Since 2016, the Anglican Church in Aotearoa, New Zealand and Polynesia has reinvested $25,000 in carbon credits for all flights undertaken for the purpose of Te Hīnota Whānui General Synod business.
Carbon credits are a way to pay back on fossil fuel use, by investing in carbon-capturing projects such as forest regeneration that counter the atmospheric damage our travel has done. Carbon credits are awarded for projects that store, avoid or reduce greenhouse gas emissions.
Back in 2016, our Church agreed to not only maintain focus on keeping fossil fuels out of our Church Trusts’ investment portfolios, but to actively support projects that counter climate damage in the Pacific.
The 2016 ‘Fossil Fuel Divestment and Reinvestment’ motion, moved by Auckland Diocesan delegate Rod Oram and synod member for the Diocese of Polynesia Fe’iloakitau Tevi, called on the General Synod to,
‘Consider establishing a carbon offset programme for its air travel, with the funds being allocated to Pacific ecosystem restoration.’
Rod Oram quickly identified the Aotearoa-based company ‘Ekos’ as the best carbon-accreditor to assist the Church. Not only could they offer us a straight-forward system to use in collecting our flight data, but they could guarantee accreditation and auditing for Pacific-based organisations offering forest renewal projects.

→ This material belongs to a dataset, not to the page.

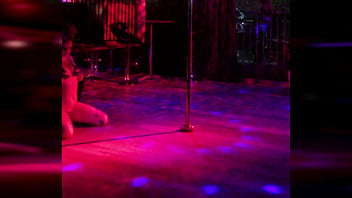 Manic moxxi shows you her pole dancing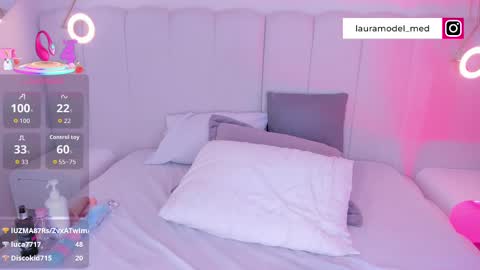 Riri Candy online show from October 30, 6:03 am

As a result, since 2016 half of our annual carbon credit payments have gone to the Drawa Forest Conservation Project in Wailevu, Fiji. Carbon credits have saved the Drawa project’s 4120 hectares of forest, which its iTaukei owners had already mapped into coups for logging. Their choice to shift into carbon farming has now enabled the nine local extended iTaukei family groups to generate cash incomes from their forested lands without cutting down trees, enough to supplement other incomes, gardens and fishing.
With the carbon credits scheme in place, the Drawa Block Forest Communities Cooperative have also developed administrative and governance skills as part of accreditation. Locals around the forest can find new jobs too, as the Cooperative works to maintain the area’s biodiversity and protect its significant species (including endemic and endangered species).
The Drawa Cooperative also needs people to replant zones already logged, turn disused gardens back to forest and work in their newly developed wild forest honey business. Other benefits to people in the area include improved water quality in the streams that feed out of the forests, less soil erosion and flooding and reduced effects of drought.
By 2019, the Drawa Project had reached its maximum income of 18,800 credits per year (adding up to between $470,000-$846,000 annual return) so the General Synod Office moved our provincial carbon credit investment into the similarly organised Loru Rainforest Conservation project in Vanuatu.
General Secretary Rev Canon Michael Hughes is pleased with the way the General Synod Office has been able to build carbon credit recording into their routine,
“It is straightforward collecting the flight information and sending it to Ekos and it is a tangible way we are shifting resources into the Pacific where in our province, our people feel the impact of climate change the most.”
“Now that we have run this for six years, and Anglican Missions have come on board too, we could also support other parts of the Church to investigate their own carbon use offset through Ekos.”
Looking ahead, Michael Hughes says it would be ideal if there were a Pacific carbon farming project run by Anglicans, so that we could invest back into the whānau.
To that end, both Anglican Missions and the Diocese of Polynesia have carbon farming in their sights as a possible future project to support forest conservation in one of our landowning Pacific church communities. Watch this space.